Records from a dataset
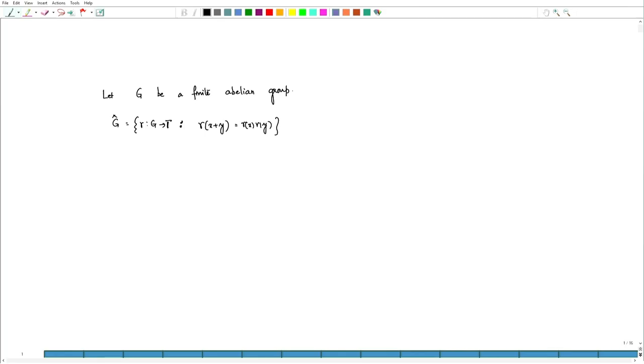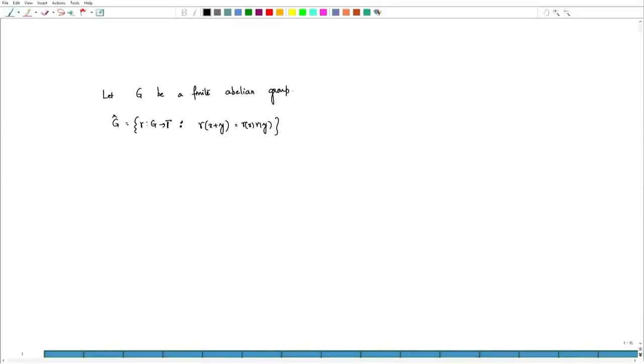For example, if we take Z_n, the characters are given by the nth roots of unity, and we developed Fourier analysis and obtained the inversion and Parseval formula. Apart from Z_n, the group Z*_q of unit elements of Z_q is also a finite abelian group, and in general we can do this for any arbitrary finite abelian group.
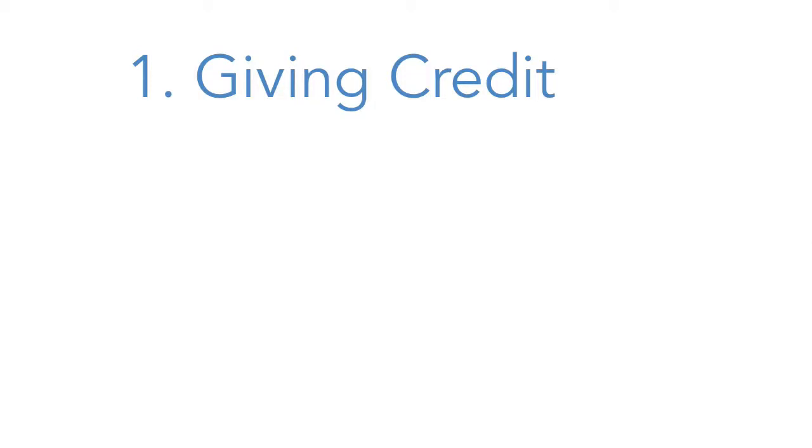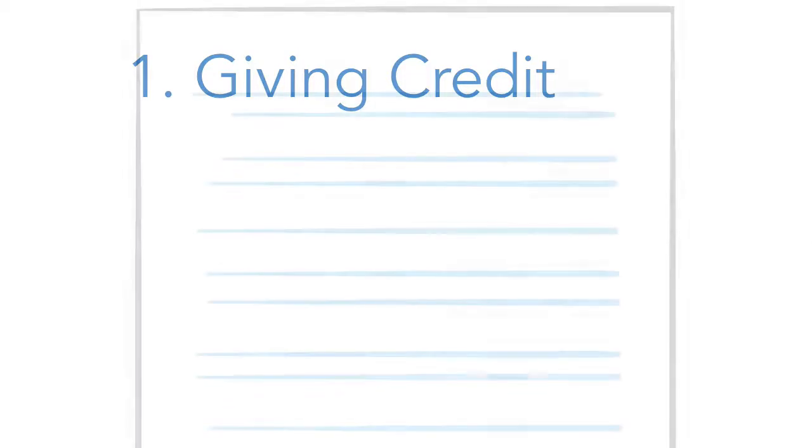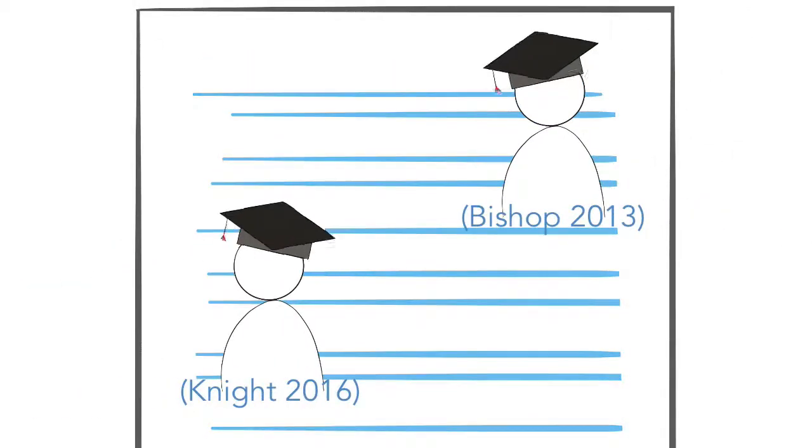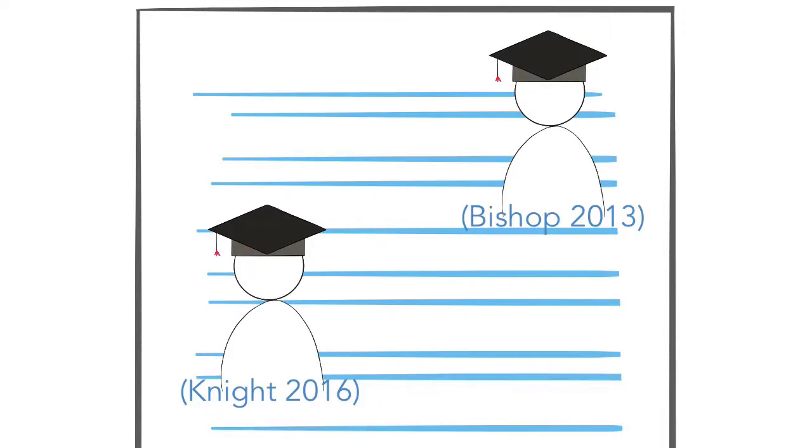Reason one, giving credit. Referencing gives credit to the creators of the material that you've been using and helps you to avoid accusations of plagiarism.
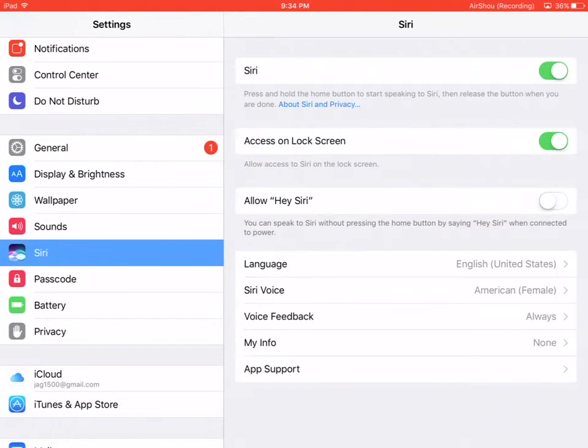The Hey Siri feature allows you to use Siri just by saying 'Hey Siri' when you're connected to power. You do not have to press and hold the home button.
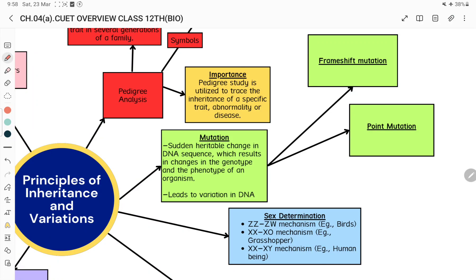Hello everyone, welcome back to the SP Smart Hybrid Competitive Schooling System platform. Today I will discuss the Principle of Inheritance and Variation, Part 3, for the CUT exam. In Part 3 we will discuss sex determination and mutation.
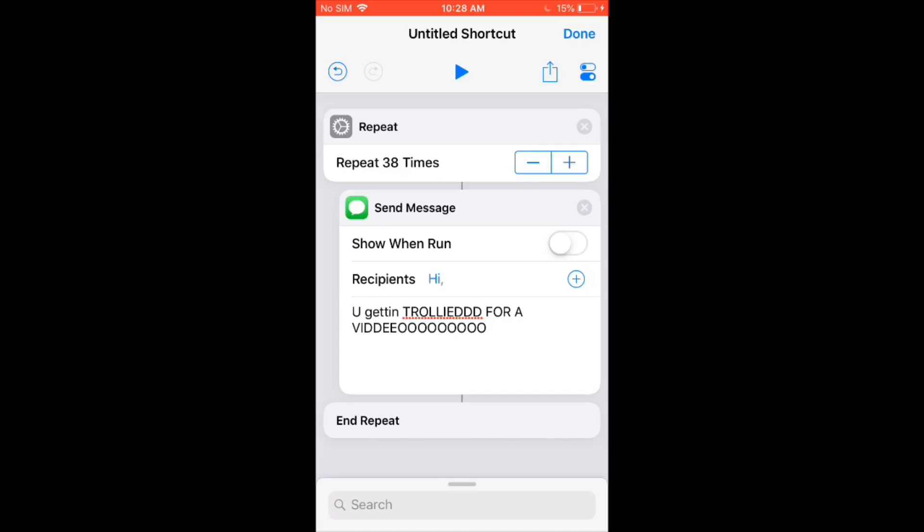Now after that, you're going to want to click the blue play button under untitled shortcut. So now it's going to start sending the messages.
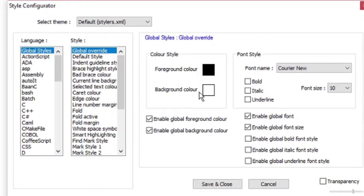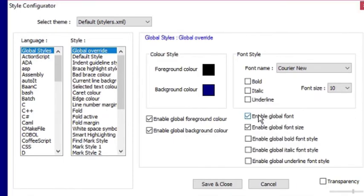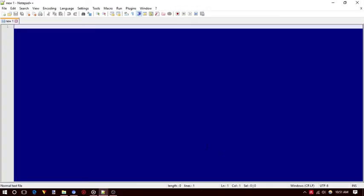Simply click on the background color icon and choose any color that you want to have on the background of Notepad++. Once done, finally click on save and close. That's it, you have successfully changed background color of Notepad++.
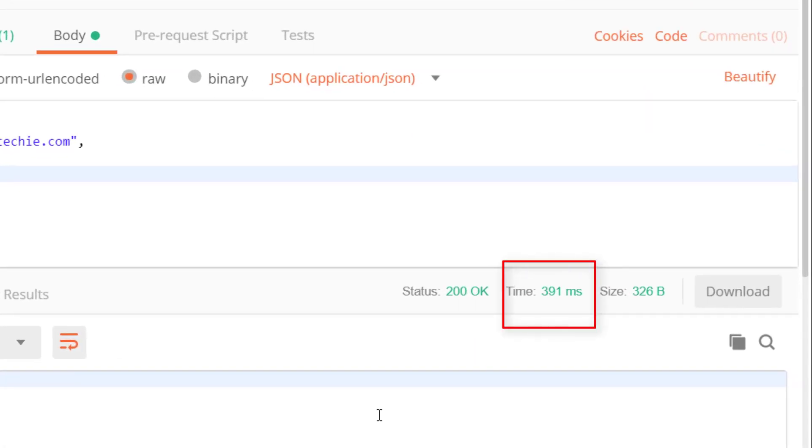As you can see the API call is taking very less time and looks far better than the previous response time.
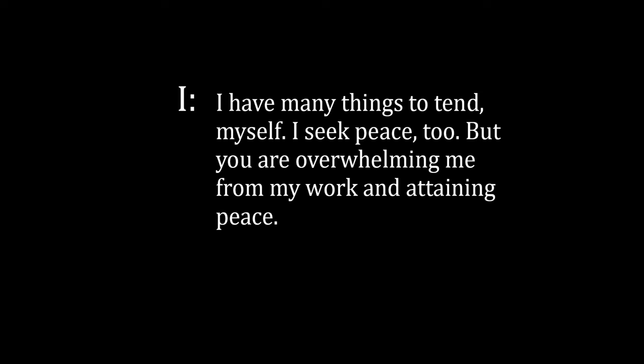I: I have many things to tend myself. I seek peace too, but you are overwhelming me from my work and attaining peace. Silence is beautiful, but how can I be silent when I must work? I have to call people and talk with them all day.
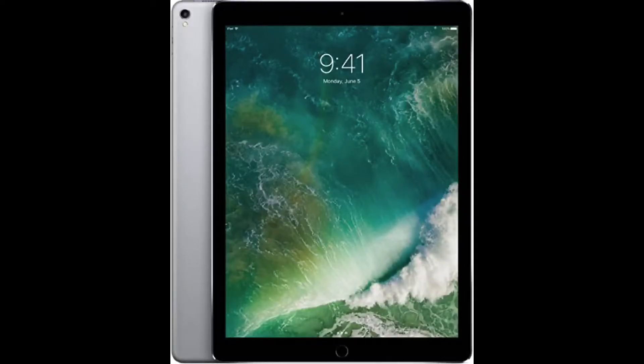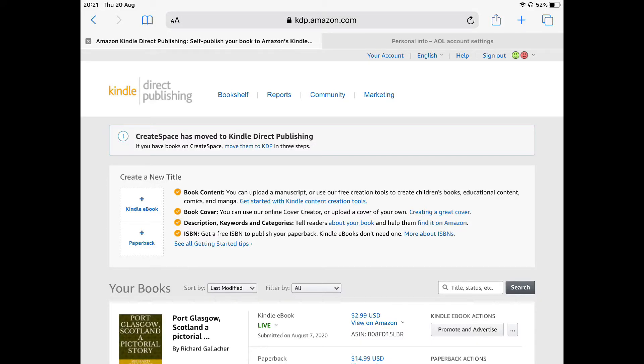Hi and thanks for buying the course. Let's get through this as simply and as effectively as we can. You're going to need an iPad, and you're going to need to set up an account with Kindle Direct Publishing, or KDP as it's known. Once you've set up your KDP account,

PROBLEM DETAILS
Extract, word for word, every line from the one holding "As you can see" through the closing line of the data above. Do not include any pictures.

RESPONSE AREA
As you can see the API call is taking very less time and looks far better than the previous response time.
I: I have many things to tend myself. I seek peace too, but you are overwhelming me from my work and attaining peace. Silence is beautiful, but how can I be silent when I must work? I have to call people and talk with them all day.
Hi and thanks for buying the course. Let's get through this as simply and as effectively as we can. You're going to need an iPad, and you're going to need to set up an account with Kindle Direct Publishing, or KDP as it's known. Once you've set up your KDP account,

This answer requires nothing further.